(Captioned web image data)

______

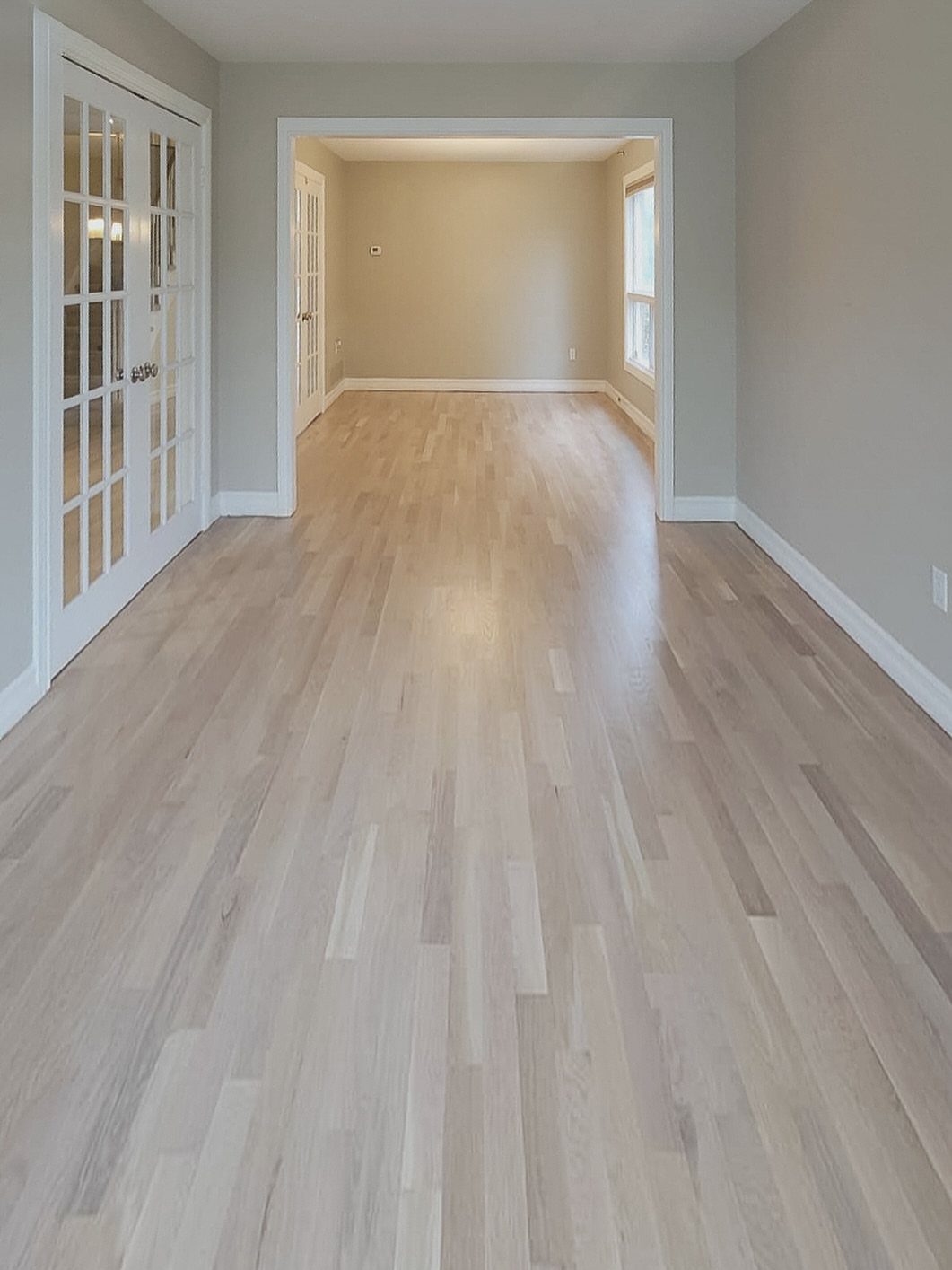 Light wooden plank flooring extending through an open doorway into an empty room with grey walls.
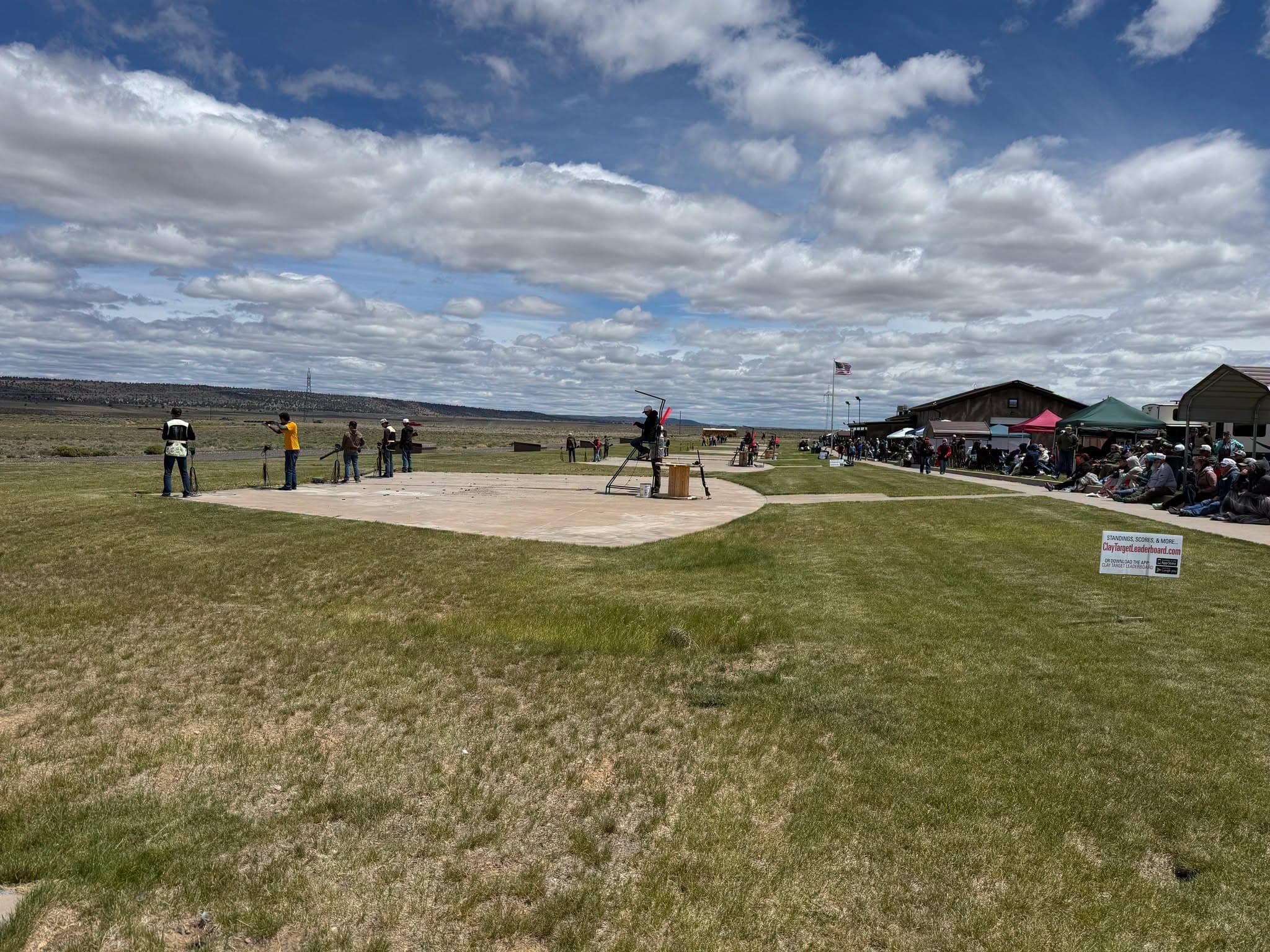 A squad shooting under big high desert clouds at Bend
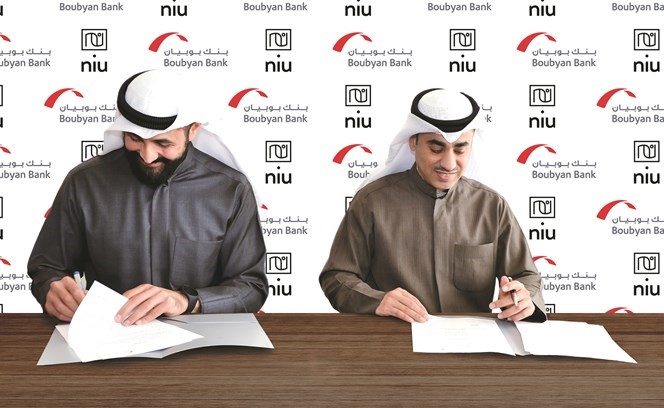  التويجري والحواج أثناء توقيع الاتفاقية﻿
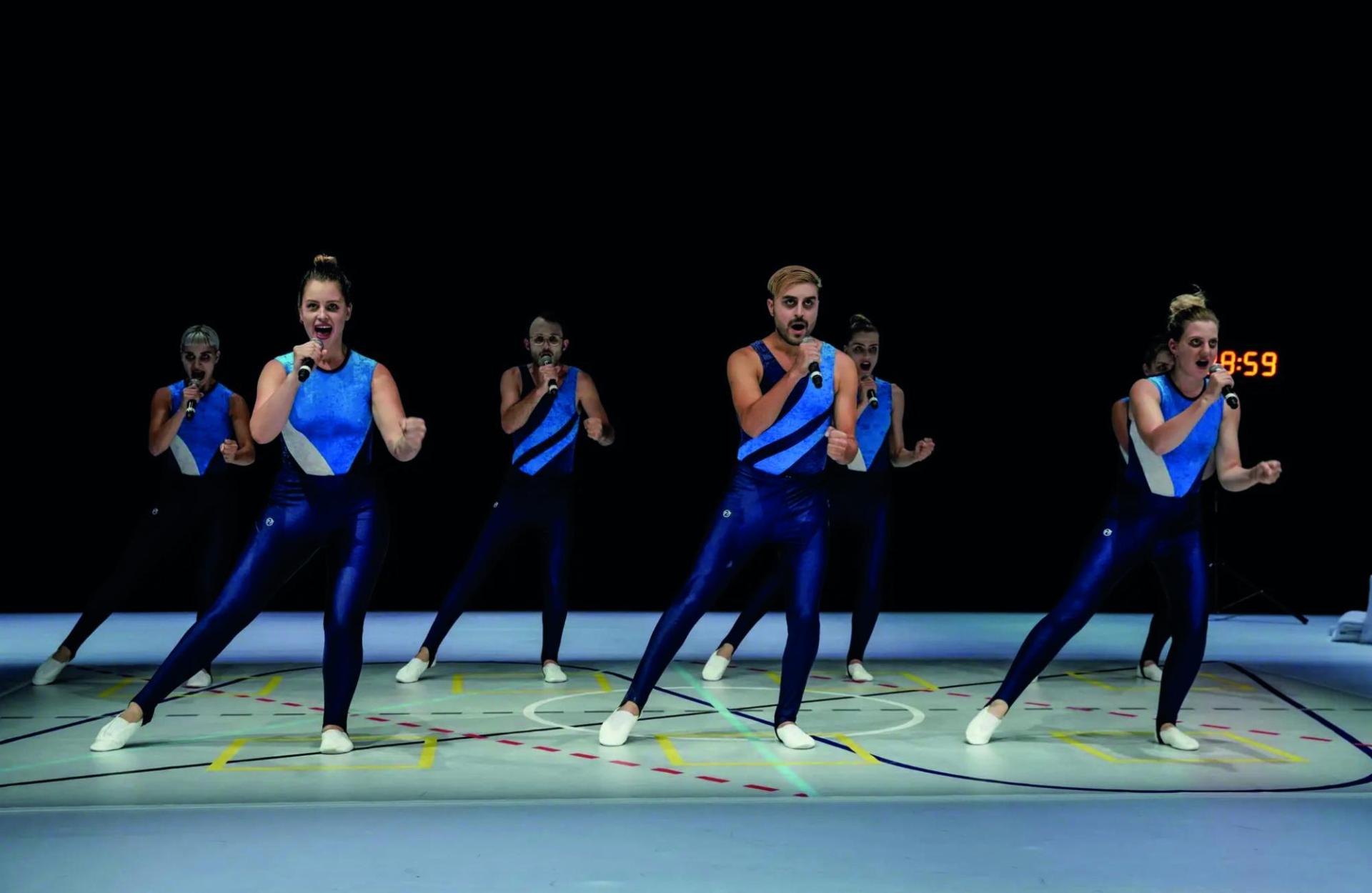 Six people in 80s tight-fitting gymnast outfits sing into a microphone and do gymnastics.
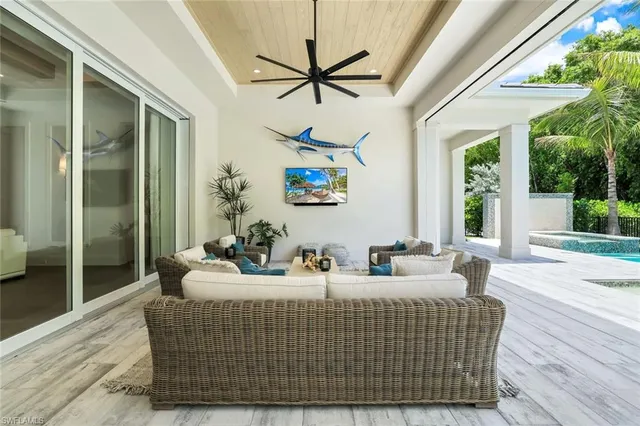 a living room with furniture a window and a chandelier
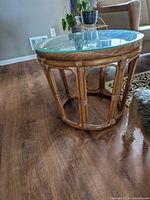 Side view showing end table with round glass top on natural rattan base in living room setting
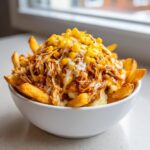A white bowl filled with a Copycat KFC Famous Bowl featuring french fries, mashed potatoes, shredded chicken, corn, and gravy.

______

* WHAT YOU ARE ASKED TO DO
The lines from the one containing "التويجري والحواج أثناء توقيع الاتفاقية﻿" through the last line of the entries are to be copied exactly, both ends included, and the pictures are to be omitted.

* EXERCISE SOLUTION
  التويجري والحواج أثناء توقيع الاتفاقية﻿
 Six people in 80s tight-fitting gymnast outfits sing into a microphone and do gymnastics.
 a living room with furniture a window and a chandelier
 Side view showing end table with round glass top on natural rattan base in living room setting
A white bowl filled with a Copycat KFC Famous Bowl featuring french fries, mashed potatoes, shredded chicken, corn, and gravy.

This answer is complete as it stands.